Need to create a new standard
The manual paper-based method has hit a wall when it comes to reducing costs as there is only so much centralisation, outsourcing and off-shoring that can be done to reduce overhead.
 
   Mr Sun stated that in order to attain further scale savings most companies need to re-engineer and fully digitalise their processes in a manner that interoperates with industry, standards. 
 
   “Because so many businesses are networked today, being inter-operable means that you won’t have to keep upgrading or changing when someone on your network makes a single change. It also allows you to take advantage of network upgrades and this keeps your costs down in the long run.”
 
   The MasterCard global network has the ability to carry deep and rich details about a payment within the payment itself; this eliminates the fundamental need to reconcile payments with the reason for the payment, like an invoice, or a claim. The need to reconcile payments against trade and business documents significantly limits the ability for such processes to be re-engineered into simpler digital, straight through processes. Paper documents, non-standard documents, batched and partial payments further complicate matters and add time and costs.
 
   In addition, MasterCard’s robust and globally accepted payments network serves as a useful framework for managing multi market and cross border business and associated payments, perhaps form a centralised location, which many insurance companies employ.
 
   Mr Sun believes that while MasterCard does not hold the magic solution, their payment and data standards provide the foundations for straightforward, more standardised and efficient business payments processes.
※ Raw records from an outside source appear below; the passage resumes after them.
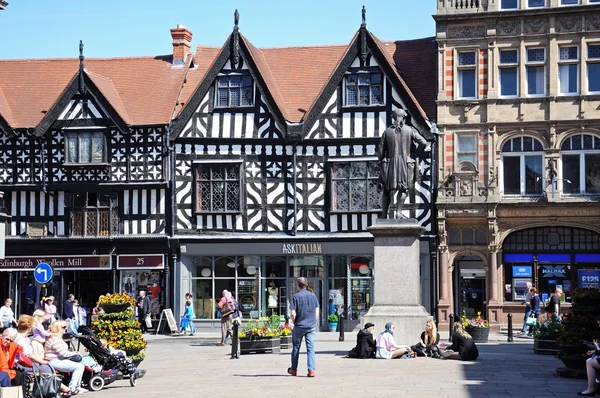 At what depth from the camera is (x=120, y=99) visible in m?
42.0

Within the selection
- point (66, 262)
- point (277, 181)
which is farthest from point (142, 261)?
point (277, 181)

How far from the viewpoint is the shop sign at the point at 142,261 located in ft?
130

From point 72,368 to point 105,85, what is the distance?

However, making such benefits available on a broad basis requires industry participation.
 
   While MasterCard’s payment and data standards can help insurance companies achieve greater operational efficiencies, with sufficient industry participation, a network effect will be created; this in turn will drive even greater efficiencies for all players, as it will dramatically reduce the costs of interoperation between insurance companies and their business partners. “Hopefully we can see this happen within the insurance industry in Asia within the next three to five years.”
 
Going digital enhances security
An enhanced level of security is another strong reason for insurers to go digital. Mr Sun shared some of MasterCard’s cybersecurity measures, but also said: “Nothing is impregnable. Staying best in breed with security technology and protocols helps us always stay a step ahead.”
 
   He highlighted that while cybersecurity is a concern, the reality is that the most egregious “hacking” efforts happen in the paper-based process. “If you look at the overall scale of fraud that happens on the paper-based process as compared to the digital process, you’ll see that the paper-based process is so much more exposed to fraud. Digital is probably a 100 times more secure than manual processes and payment.”
 
   He added that digitalisation would dramatically reduce the fraud compromise points, as it pares down a long process into a faster, safer and more efficient method. It also reduces the number of people who need to keep track of the process, as most of it will be digitised and automated, which then reduces the opportunity for collusion and human error.
 
An investment of knowledge and technical enablement
“For many businesses, digitalisation is something that is easy to visualise but hard to execute,” he said. “It is a huge investment, but this can be reduced by adopting ISO standards. Furthermore, MasterCard is willing to co-invest. We are saying to every insurance company out there: we will invest with you along this journey of change.”
 
   Mr Sun is confident that MasterCard will remain a leader in their sector in the area of helping companies gain efficiency through collection and payment process digitisation. MasterCard’s vision, success, partnerships and continued investments in making it easier for businesses to digitalise will hopefully make MasterCard the go-to partner, he said.